# bamboo or bamboo charcoal?



## charlotte88

i need to buy some boosters to increase absorbancy and i was wondering what you all consider to be the better option?

My 3 week old daughter is a surprisingly heavy wetter and the microfibre inserts for her pocket nappies just aren't cutting it at the moment, especially at night. 

Also where would you suggest buying them from?

I have seen them on Tiny nippers so will probably end up buying them from there unless someone can suggest somewhere better (ideally in the UK as cant wait for shipping from overseas).

:)


----------



## jenstar

I've never heard of bamboo charcoal being used like that, just did a quick google and didn't see anything either. But anyway, I use bamboo and get on very well with it. You can also get cotton (usually unbleached organic cotton) and hemp boosters. I've never tried hemp.

You can also get full bamboo inserts which might be good for overnight. Although I suppose you could just use 5 boosters instead of one microfibre insert plus one booster.

I bought the boosters I use currently from little lambs own website but those and similar ones are widely available online.


----------



## charlotte88

i think i will be going with the bamboo as they seem to have better feedback across the majority of websites :).

I have found some Little lamb bamboo insterts on a website 10 for £12. Is this a good price to pay? and will they work in my pocket nappies?

Sorry if these all seem like silly questions but im still a bit of a cloth newbie :D

xx


----------



## Rachel_C

The LL boosters are the same price pretty much everywhere at 10 for £12. I usually go direct so they're not spending money ebay/paypal fees elsewhere, or to somewhere like Fill Your Pants cos Laura is lovely there! 

I have a mix of size 1 and size 2 ones for my kiddies, but really I should just have bought size 2s as they fit in all of our small fitteds and will fit in one-size nappies with no problem. 

I've only seen bamboo charcoal reviewed here - https://www.clothnappy.info/15-07-2011/dotty-bots-bamboo-charcoal-booster-review/#more-2668 - but it got a very positive review. I've been meaning to get some to try actually, thanks for reminding me! 

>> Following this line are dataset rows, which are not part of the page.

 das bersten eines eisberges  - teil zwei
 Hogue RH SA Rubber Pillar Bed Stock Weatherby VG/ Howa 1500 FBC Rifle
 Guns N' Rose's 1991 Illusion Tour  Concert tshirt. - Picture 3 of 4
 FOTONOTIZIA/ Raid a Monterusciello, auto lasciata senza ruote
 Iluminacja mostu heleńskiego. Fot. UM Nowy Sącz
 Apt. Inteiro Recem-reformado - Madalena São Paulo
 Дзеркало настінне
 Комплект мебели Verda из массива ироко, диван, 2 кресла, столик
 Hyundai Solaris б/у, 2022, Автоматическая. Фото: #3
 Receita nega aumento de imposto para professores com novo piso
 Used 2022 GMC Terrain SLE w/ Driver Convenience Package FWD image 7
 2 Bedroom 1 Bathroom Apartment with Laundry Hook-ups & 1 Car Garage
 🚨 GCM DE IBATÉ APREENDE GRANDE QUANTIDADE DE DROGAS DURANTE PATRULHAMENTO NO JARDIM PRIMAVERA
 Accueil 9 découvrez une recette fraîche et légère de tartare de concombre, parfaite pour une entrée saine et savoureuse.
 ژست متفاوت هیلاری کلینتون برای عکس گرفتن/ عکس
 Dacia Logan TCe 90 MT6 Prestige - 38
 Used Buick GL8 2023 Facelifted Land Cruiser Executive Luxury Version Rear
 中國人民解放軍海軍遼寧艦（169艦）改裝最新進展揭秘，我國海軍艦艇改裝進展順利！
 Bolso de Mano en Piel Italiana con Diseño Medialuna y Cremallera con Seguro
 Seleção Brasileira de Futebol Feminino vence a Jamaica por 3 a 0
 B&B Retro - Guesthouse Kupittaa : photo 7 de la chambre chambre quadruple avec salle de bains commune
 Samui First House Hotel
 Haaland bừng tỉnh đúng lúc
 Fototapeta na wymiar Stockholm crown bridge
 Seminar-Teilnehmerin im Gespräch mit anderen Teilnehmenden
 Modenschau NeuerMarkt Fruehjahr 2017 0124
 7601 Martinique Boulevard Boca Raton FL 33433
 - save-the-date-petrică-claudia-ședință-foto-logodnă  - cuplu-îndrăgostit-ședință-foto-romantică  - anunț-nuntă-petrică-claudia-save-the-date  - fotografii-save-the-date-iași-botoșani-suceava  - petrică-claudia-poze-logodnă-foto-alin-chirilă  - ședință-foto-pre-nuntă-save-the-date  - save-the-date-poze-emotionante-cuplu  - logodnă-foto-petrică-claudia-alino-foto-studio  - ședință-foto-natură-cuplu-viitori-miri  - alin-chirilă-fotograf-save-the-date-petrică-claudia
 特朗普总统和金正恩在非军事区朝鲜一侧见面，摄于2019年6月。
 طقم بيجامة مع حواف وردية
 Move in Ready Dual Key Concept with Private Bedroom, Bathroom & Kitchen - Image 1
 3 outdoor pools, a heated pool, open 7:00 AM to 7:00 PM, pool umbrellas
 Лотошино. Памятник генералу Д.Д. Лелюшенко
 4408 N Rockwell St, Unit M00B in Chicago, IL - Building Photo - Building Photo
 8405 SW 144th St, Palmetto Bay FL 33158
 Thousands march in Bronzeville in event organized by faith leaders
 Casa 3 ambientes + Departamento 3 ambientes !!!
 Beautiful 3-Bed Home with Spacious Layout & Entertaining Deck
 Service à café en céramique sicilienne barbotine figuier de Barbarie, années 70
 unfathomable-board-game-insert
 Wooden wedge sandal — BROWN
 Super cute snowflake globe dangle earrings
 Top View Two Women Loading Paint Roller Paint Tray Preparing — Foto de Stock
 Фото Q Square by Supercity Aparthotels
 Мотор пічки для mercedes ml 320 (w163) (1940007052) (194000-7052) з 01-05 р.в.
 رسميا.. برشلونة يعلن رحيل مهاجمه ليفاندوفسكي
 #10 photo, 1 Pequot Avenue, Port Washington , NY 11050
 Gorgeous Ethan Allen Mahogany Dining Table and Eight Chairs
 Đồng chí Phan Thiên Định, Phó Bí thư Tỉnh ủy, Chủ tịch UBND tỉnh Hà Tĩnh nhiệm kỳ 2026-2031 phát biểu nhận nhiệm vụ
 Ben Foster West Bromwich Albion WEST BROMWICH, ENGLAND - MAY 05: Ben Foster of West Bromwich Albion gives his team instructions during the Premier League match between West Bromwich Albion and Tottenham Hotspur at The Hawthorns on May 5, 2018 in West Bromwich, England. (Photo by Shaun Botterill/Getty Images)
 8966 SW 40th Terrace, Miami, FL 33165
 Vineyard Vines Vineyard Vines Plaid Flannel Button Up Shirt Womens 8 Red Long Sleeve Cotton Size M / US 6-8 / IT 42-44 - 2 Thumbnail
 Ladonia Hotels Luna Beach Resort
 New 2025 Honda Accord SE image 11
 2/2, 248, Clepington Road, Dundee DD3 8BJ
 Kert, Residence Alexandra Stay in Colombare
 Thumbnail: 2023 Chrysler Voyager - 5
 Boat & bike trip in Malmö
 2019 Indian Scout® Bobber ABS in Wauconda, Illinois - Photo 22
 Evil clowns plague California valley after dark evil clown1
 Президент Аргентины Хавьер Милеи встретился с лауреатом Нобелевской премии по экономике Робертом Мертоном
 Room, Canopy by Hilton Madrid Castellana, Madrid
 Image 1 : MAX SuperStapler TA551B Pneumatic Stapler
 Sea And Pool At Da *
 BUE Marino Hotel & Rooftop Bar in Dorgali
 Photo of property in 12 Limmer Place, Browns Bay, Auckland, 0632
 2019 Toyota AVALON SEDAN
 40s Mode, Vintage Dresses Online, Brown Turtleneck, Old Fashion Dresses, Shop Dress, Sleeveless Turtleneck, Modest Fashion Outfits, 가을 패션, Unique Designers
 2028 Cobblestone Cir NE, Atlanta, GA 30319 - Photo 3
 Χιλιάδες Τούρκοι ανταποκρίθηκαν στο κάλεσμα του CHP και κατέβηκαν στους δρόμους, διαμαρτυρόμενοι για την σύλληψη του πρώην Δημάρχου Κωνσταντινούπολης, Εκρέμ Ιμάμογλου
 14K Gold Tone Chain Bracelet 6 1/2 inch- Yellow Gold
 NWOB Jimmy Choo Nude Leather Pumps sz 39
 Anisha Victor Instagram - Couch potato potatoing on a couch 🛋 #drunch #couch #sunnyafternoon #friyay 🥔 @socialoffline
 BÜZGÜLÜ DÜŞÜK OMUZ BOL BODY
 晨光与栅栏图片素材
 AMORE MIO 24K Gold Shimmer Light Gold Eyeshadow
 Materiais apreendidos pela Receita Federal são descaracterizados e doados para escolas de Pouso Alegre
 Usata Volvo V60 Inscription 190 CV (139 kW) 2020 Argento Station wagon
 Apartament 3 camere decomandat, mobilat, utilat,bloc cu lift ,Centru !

You should find that anything sold as a booster will fit in pretty much all nappies, pockets included. If you're buying inserts, I would check the size and compare to your existing inserts. If they're too wide you might find they're a bit awkward or cause issues.


----------



## charlotte88

took your advice rachel and ordered 20 of the size 1 bamboo boosters from fill your pants :).

The micro fibre used to be fine for her but now she can only go 2 1/2 hours before she needs changing or she leaks out of her nappy :(.

Hopefully these do the trick of keeping her dry a little longer. Her dad is saying if she keeps leaking out we will go back to disposable and i cant do that :'( 

xx


----------



## jen1604

I have a couple of bamboo charcoal inserts and to be honest haven't been that impressed with them.

I think you've made the right choice with the ones you've picked :thumbup:


----------